Turner is an English occupational surname meaning one who works with a lathe — a turner of wood or metal — but its cultural resonance as a pet name comes primarily from Turner & Hooch (1989), the comedy in which Tom Hanks plays a detective paired with an enormous, drooling Dogue de Bordeaux. At rank 2558 with 36 registry appearances, Turner is a classic buddy-film tribute name.

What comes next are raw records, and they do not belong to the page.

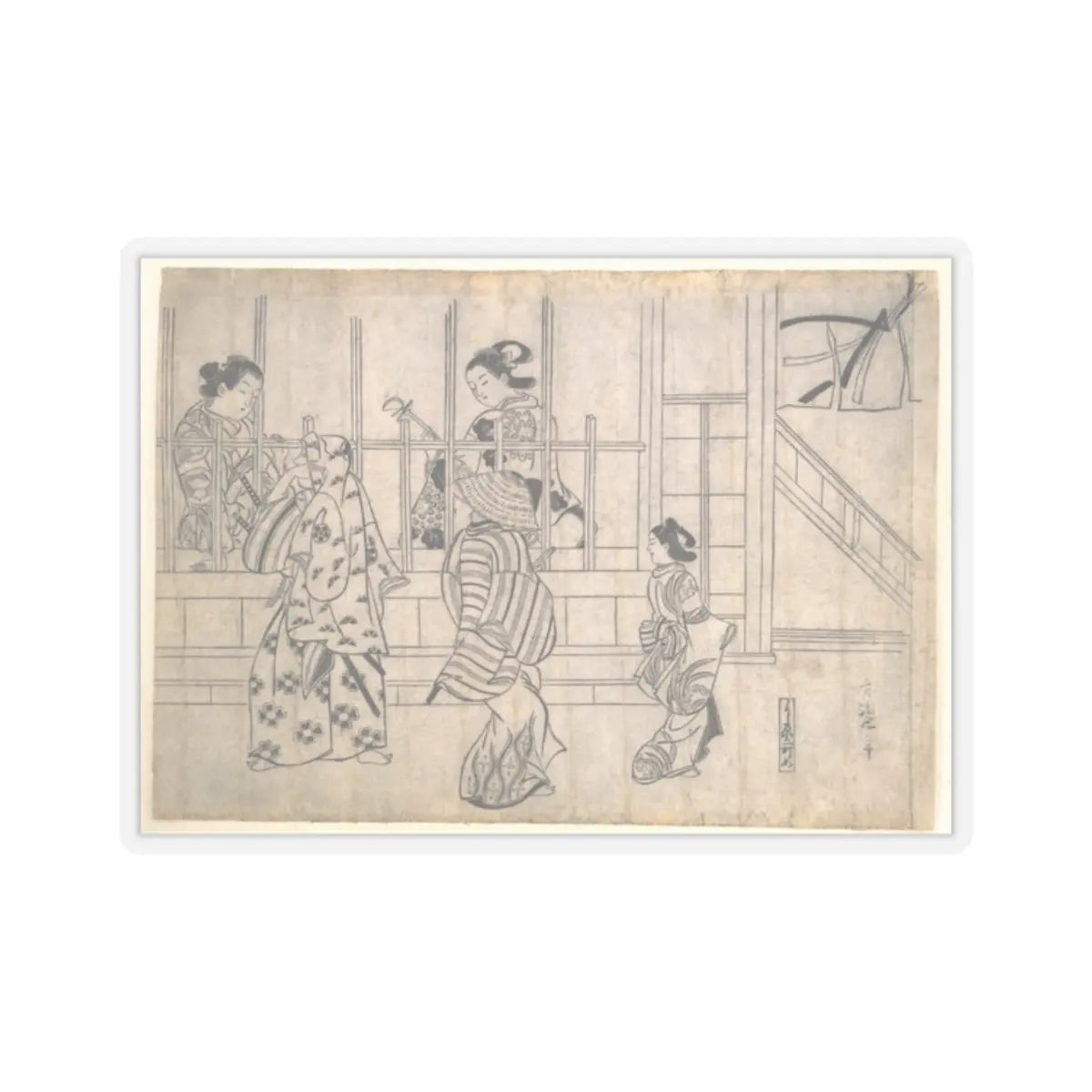 SKU:TSS-STICK-HSHMRN-2X2-35 Sizes:2" × 2" Types:Transparent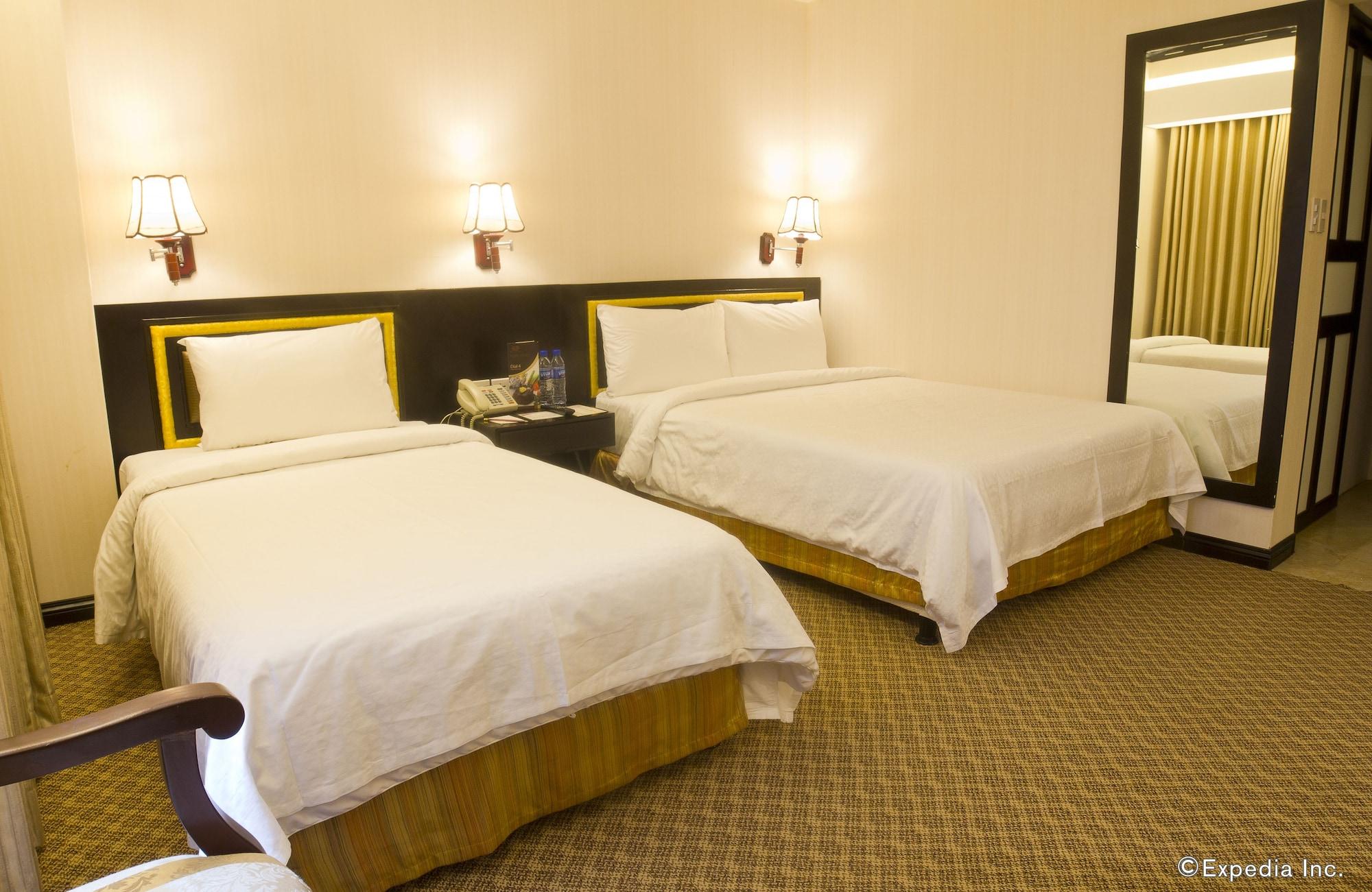 Bayview Park Hotel Manila Dış mekan fotoğraf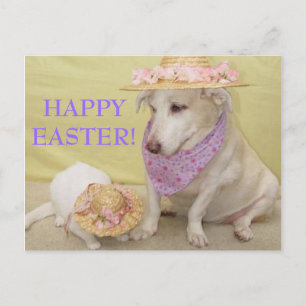HAPPY EASTER! HOLIDAY POSTCARD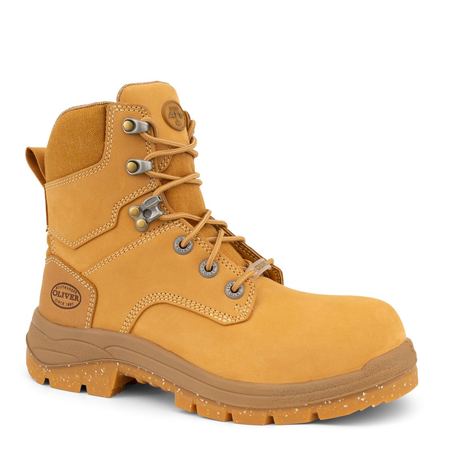 Oliver 59433Z 150mm Women's Wheat Zip Sided Safety Boot
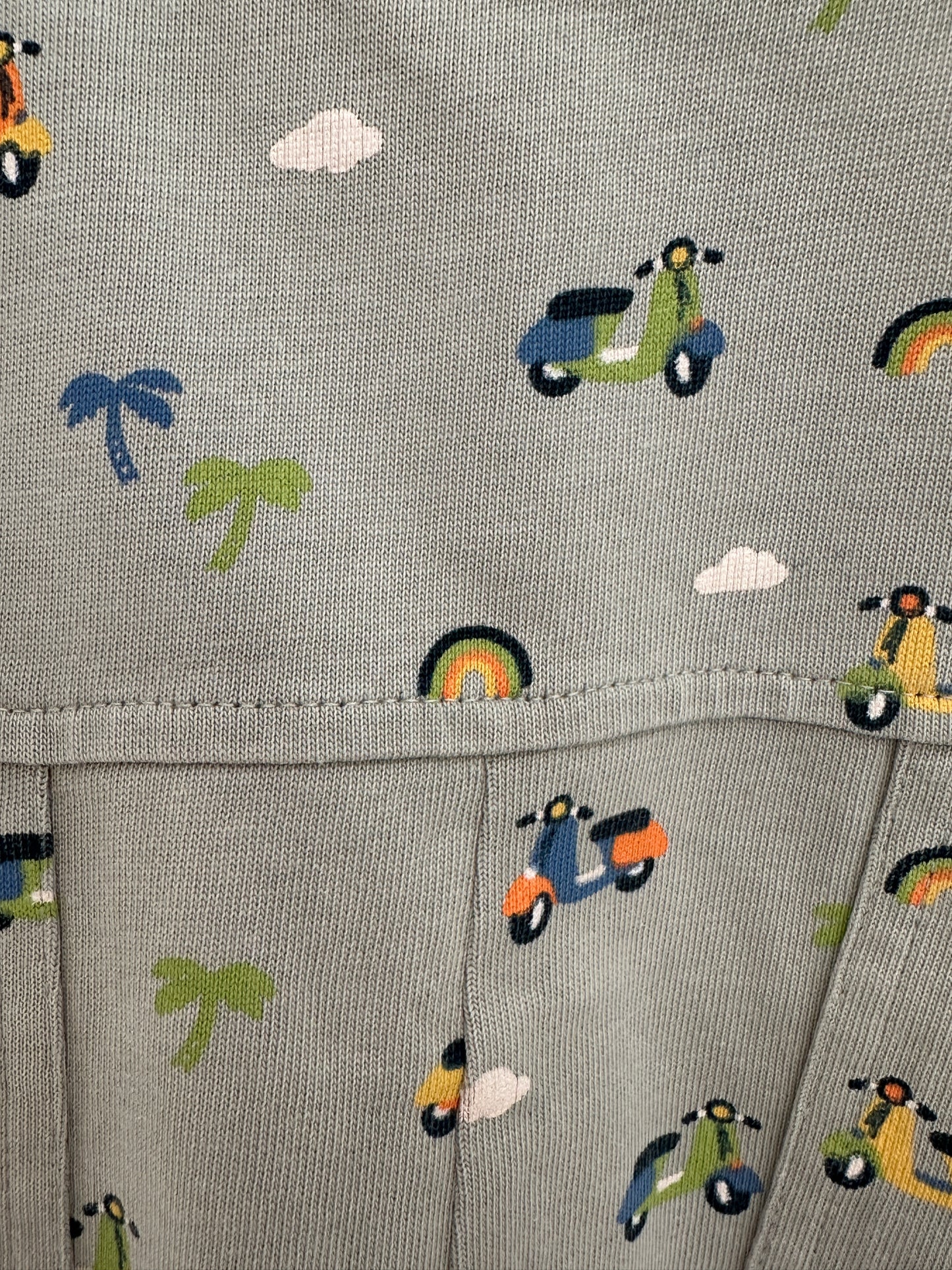 Romper by Bout'chou- Size 6-months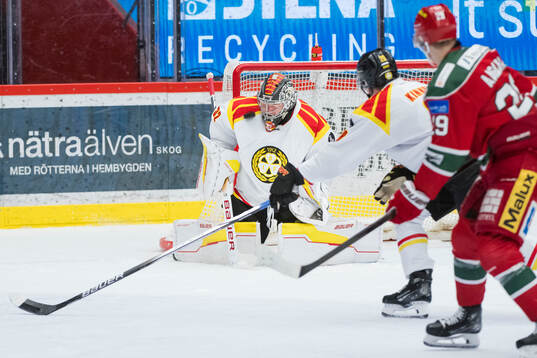 Brynäs målvakt Ludvig Persson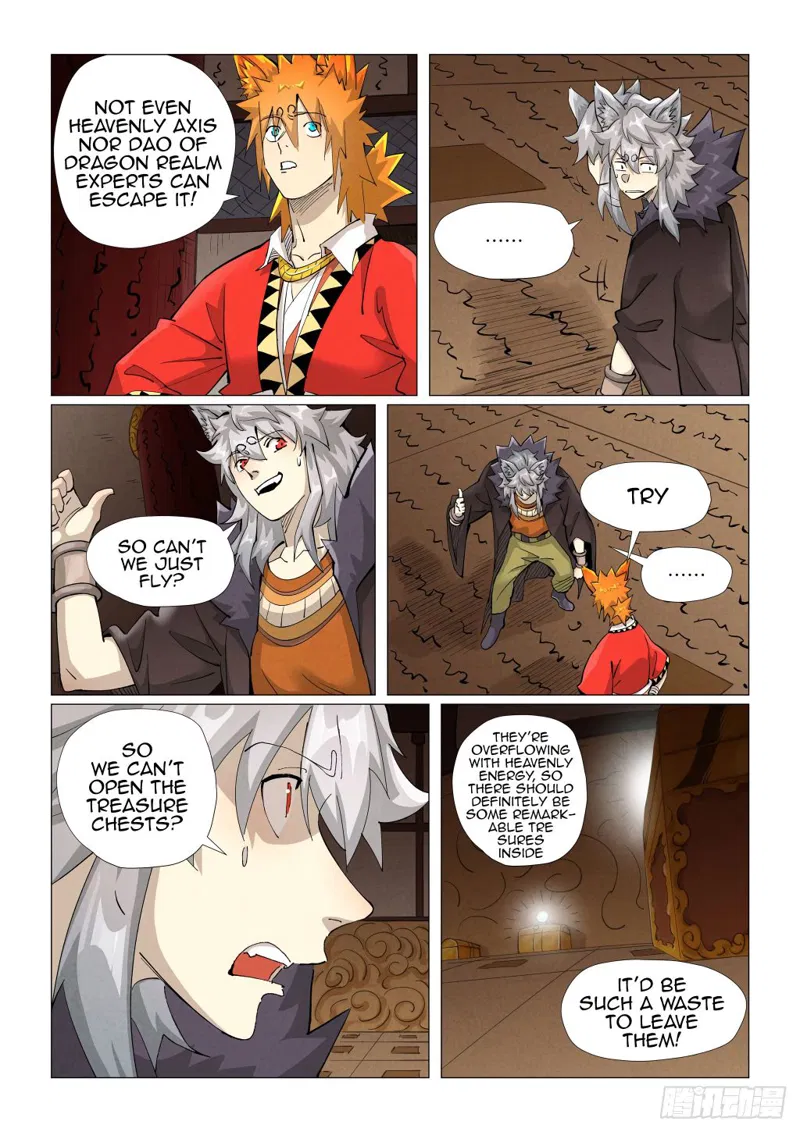 Tales of Demons and Gods Chapter 391.5 page 6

The Turner & Hooch Connection
The 1989 film is one of the defining entries in the cop-and-dog genre, and the human character's surname Turner became an occasional pet name choice for owners who saw themselves as the straight-laced partner to their animal's chaos. A Dogue de Bordeaux named Turner is the most complete possible tribute; any large, slightly chaotic dog works nearly as well.
The Surname Aesthetic
Turner fits the broader trend of giving pets human surnames — Fletcher, Cooper, Harrison. These names read as deliberate and slightly formal, suggesting an owner who finds the slight distance between the human register and the pet context amusing and appropriate. See also Higgins and Watson.
The Counter-Reading: Dated Film Reference
Turner & Hooch is a 1989 film with a 2021 Disney+ reboot that didn't land as broadly. The reference is strongest among older owners; younger owners may simply read Turner as a pleasant surname choice without the film context. Both readings work.